Friday, October 16, 2009
Rocket Software takes first equity dip, of $92M, in 19 years
By Galen Moore
One of the region’s quiet success stories, a closely held software developer with over $150 million in revenue, has gone to the private equity well for the first time — and drawn deeply.
Newton-based Rocket Software Inc.’s $92 million first private equity financing will be used as a war chest to continue the company’s acquisitive bent, a spokesman said.
Since 2005, Rocket has made at minimum two acquisitions each year — bringing its total since its 1990 founding to at least 24 M&A deals without outside investment. Most recently, Rocket acquired the U2 database line of business from IBM Corp. (NYSE: IBM) for undisclosed terms in a deal announced this month.
“Rocket intends to use the proceeds (of its outside equity investment) to continue acquiring enterprise infrastructure software companies, intellectual property and other assets,” said company spokesman Richard Berman.
The funds from New York-based Court Square, disclosed last week in a regulatory filing, come to a company that bootstrapped itself through the 1990s developing software and tools as an original equipment manufacturer (OEM) for IBM. Since then, the company’s business has grown and evolved to include OEM and direct sales in almost every enterprise software category.
The funding may be intended to ensure Rocket does not repeat its foible of March 2008, when plans for a leveraged $69 million acquisition collapsed as credit markets grew unstable.

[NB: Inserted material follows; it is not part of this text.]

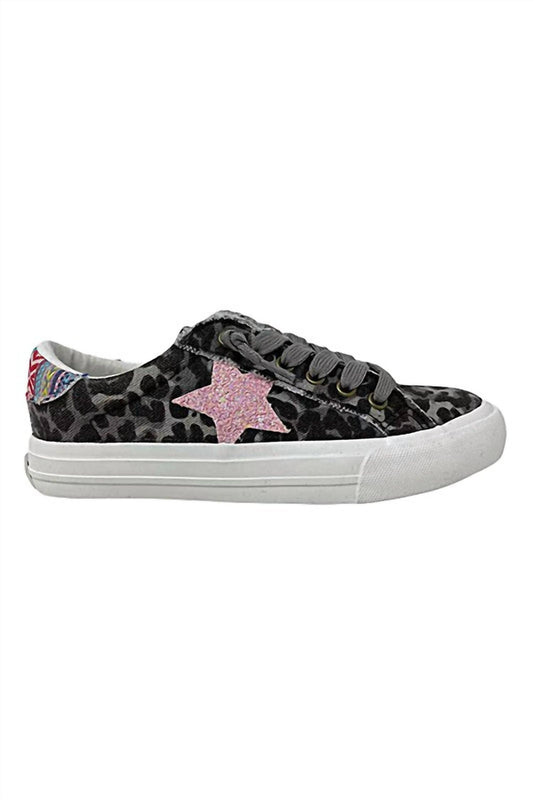 Very G - Women's Cosmic 2 Sneaker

The intended target, Cupertino, Calif.-based application modernization software maker NetManage Inc., was soon snapped up by Micro Focus International for $73.3 million.
Rocket has over $150 million in revenue, and 700-plus employees, Berman said. With its recent acquisition, the company added IBM’s entire U2 division to its payroll. IBM and Rocket did not disclose the U2 head count, but an IBM U2 business partner pegged it at about 95 employees.
Berman said the new financing will not, however, be used to restructure debt, or to pay down operating costs, such as a $50 million legal settlement it signed in February with CA Inc. (Nasdaq: CA).
In 2007, CA sued for $200 million in damages, alleging Rocket had copied the company’s patented software code in two database products. Terms of the February settlement were not initially reported, but in a quarterly earnings filing this April, CA disclosed it expects $50 million in licensing fees from Rocket through 2014.
Rocket’s new cash hoard may, however, be used to invest more dollars in recent acquisitions like U2, Berman said. U2 consists of the UniData and UniVerse operating environments, as well as a suite of developer tools. It is prized as a platform that supports rapid development of applications that can handle many different categories of data.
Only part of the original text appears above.